Saturday, July 21, 2007

A platform security design miss

Designing software is difficult, which is why the waterfall model is such a joke. You don't get the design right the first time. If you ever get it right, it's after it's been used for real, and you've corrected the worst mistakes. (There are exceptions, where the original design happens to be so good that it lasts. Despite what some people think about the standard C library (and the language itself) nowadays, it was created around 1970, and it still makes sense. You don't see that kind of stuff often. The details that have changed aren't really important.)

I've been quite impressed with the design of Symbian platform security. It works. It's pretty sane. It's conceptually quite simple. Of course, it's horribly complicated to learn how to live with it in practice, but on a technical level, it's good. (The infrastructure around it isn't very good, but we'll ignore that for now.) However, there are some mistakes in it. One is the one making hacks such as this one necessary. When you install an app on the external memory card, a checksum of the executables are stored on the internal one, as that one is more safe (it can't be removed and edited outside the phone, at least not easily). This leads to an interesting problem, which was probably very hard to foresee: if you format the internal memory card, you can't run the apps installed on the memory card anymore, as the checksums are gone.

You might argue that you shouldn't have to format the memory card on a working system.
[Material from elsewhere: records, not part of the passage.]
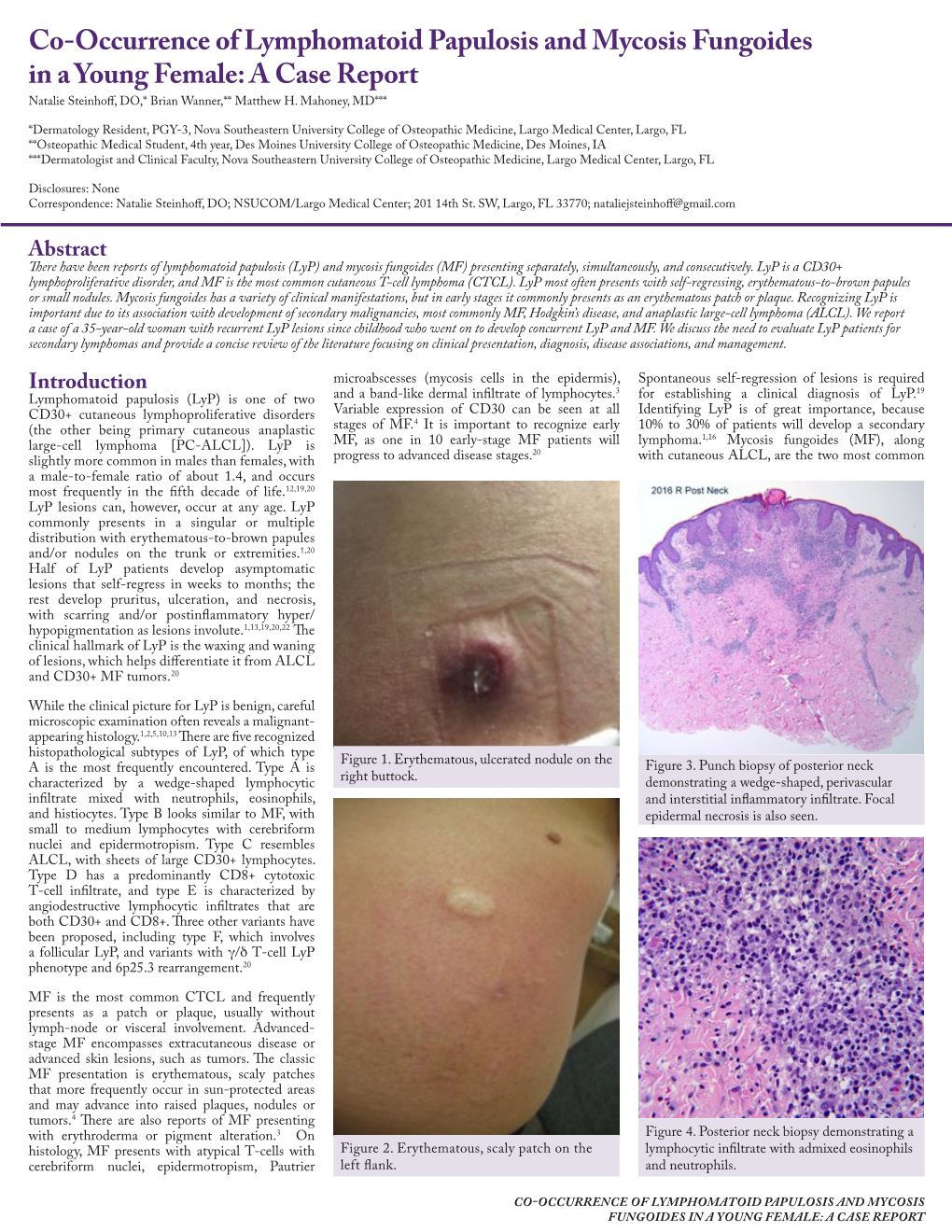 Co-Occurrence of Lymphomatoid Papulosis and Mycosis Fungoides in a Young Female: a Case Report Natalie Steinhoff, DO,* Brian Wanner,** Matthew H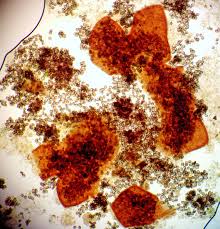 Attēlu rezultāti vaicājumam “Licea minima spores”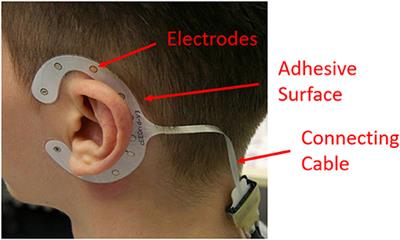 Measuring Correlates of Mental Workload During Simulated Driving Using cEEGrid Electrodes: A Test–Retest Reliability Analysis
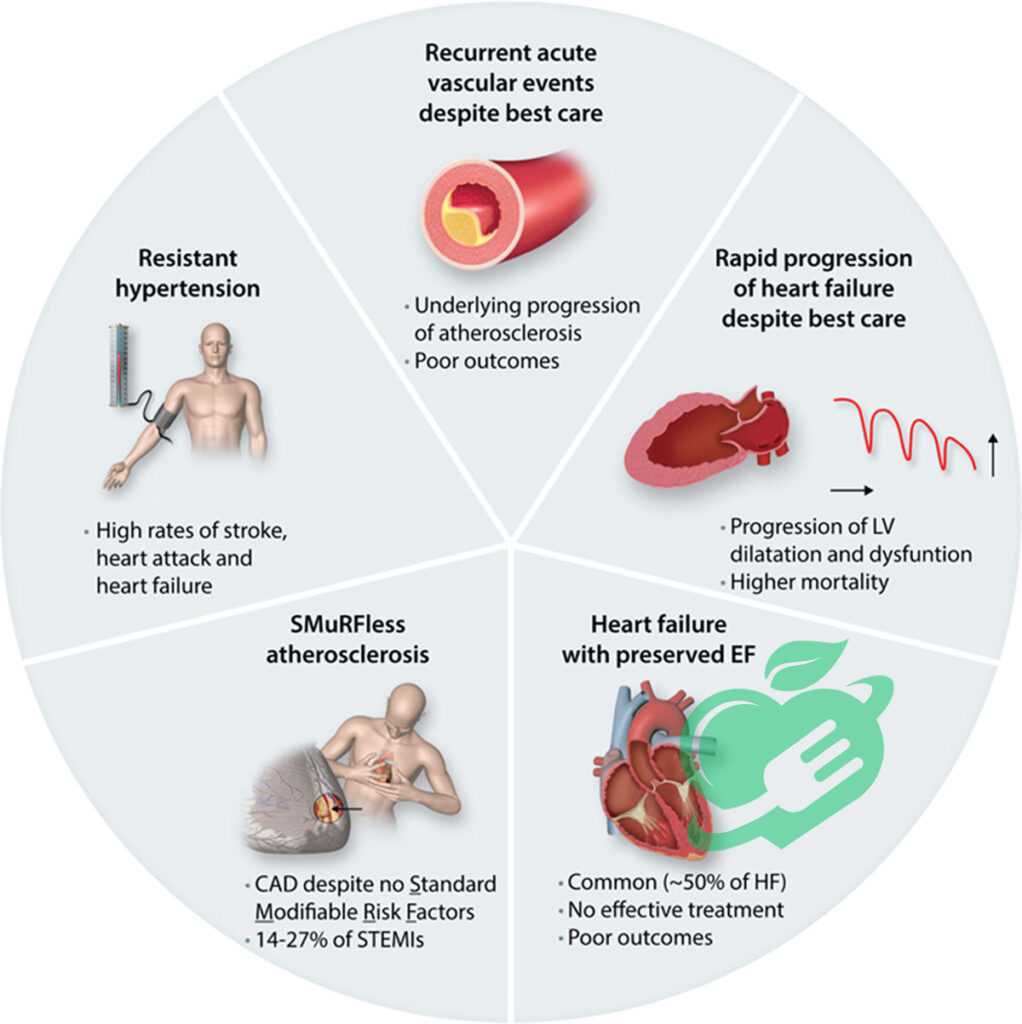 Angioplasty and Stent Placement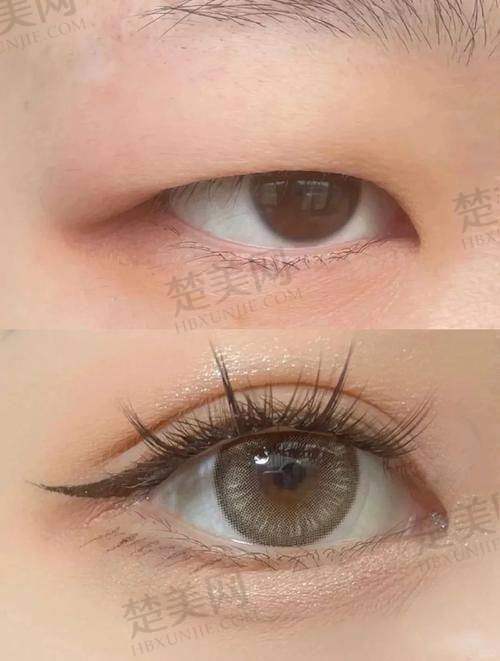 五、郑州眼修复医生排名前十名之杨小顺医生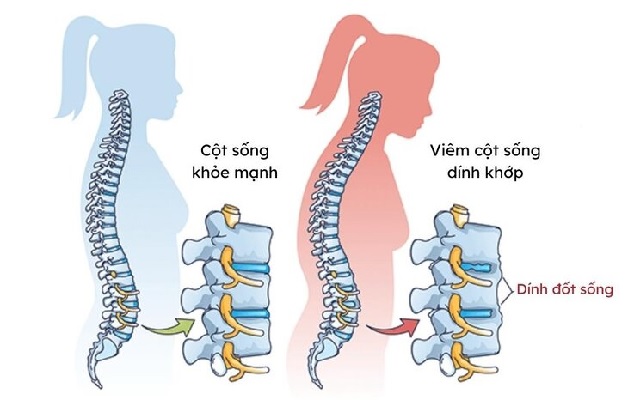 Viêm dính khớp cột sống là tình trạng viêm nhiễm mạn tính, gây viêm đau tại cột sống và lưng dưới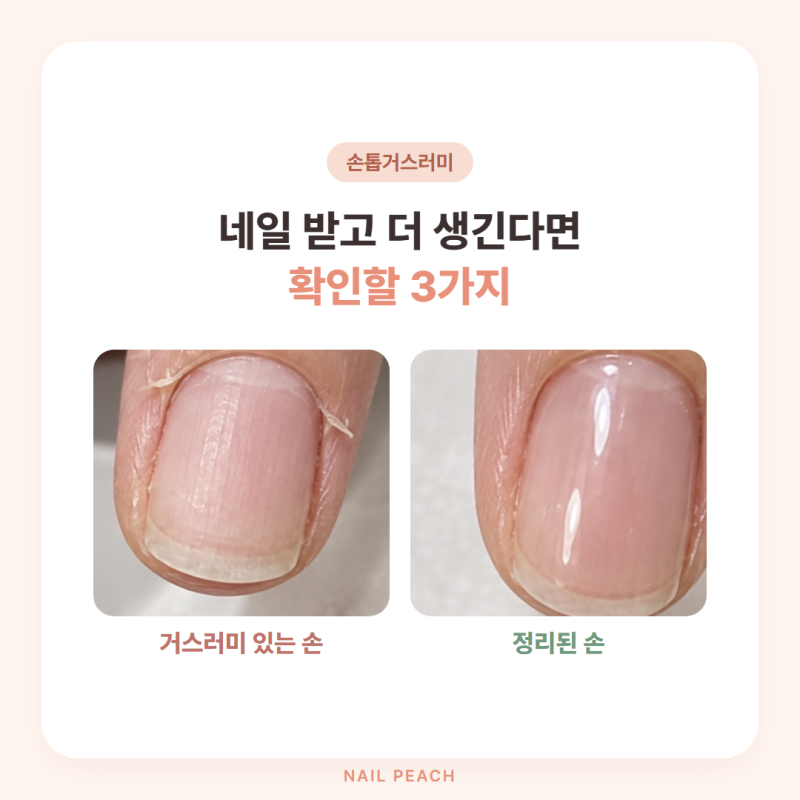손톱거스러미, 네일 받고 더 생긴다면 확인할 3가지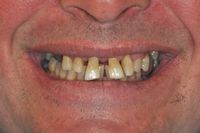 Smile In A Day 3 before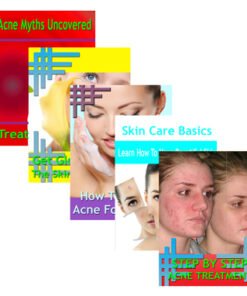 Beating Acne 5 Guides Collection
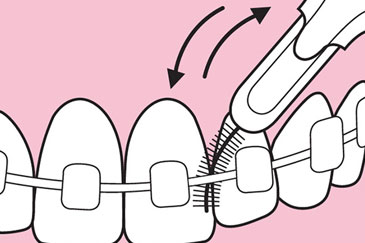 Interdentalbürsten Nutzung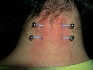 surface piercing, nape piercing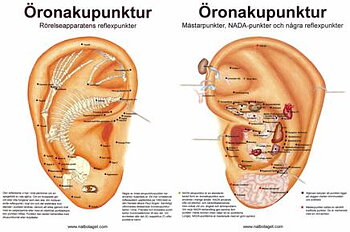 Öronakupunktur, bokformat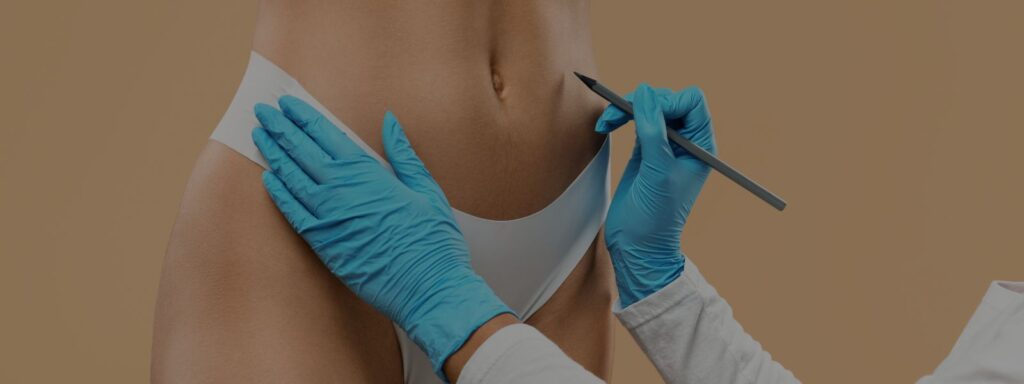 ¿Cómo es un tratamiento de liposucción?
Sure, but it's not a good idea to design around the assumption that every system will be perfect. Smartphones are far from perfect. The software on them is very complex, and there will be bugs. I have to format the internal memory card on my phone now and then, because there's some sort of leak which means that it'll be filled up, and there's not much I can do about that, as I can't clean stuff up manually, as platform security prevents me from tampering with most of the contents. However, the same problem would occur if a badly behaved app was installed on the phone and started filling up the memory card, so it could happen on a perfectly working system as well.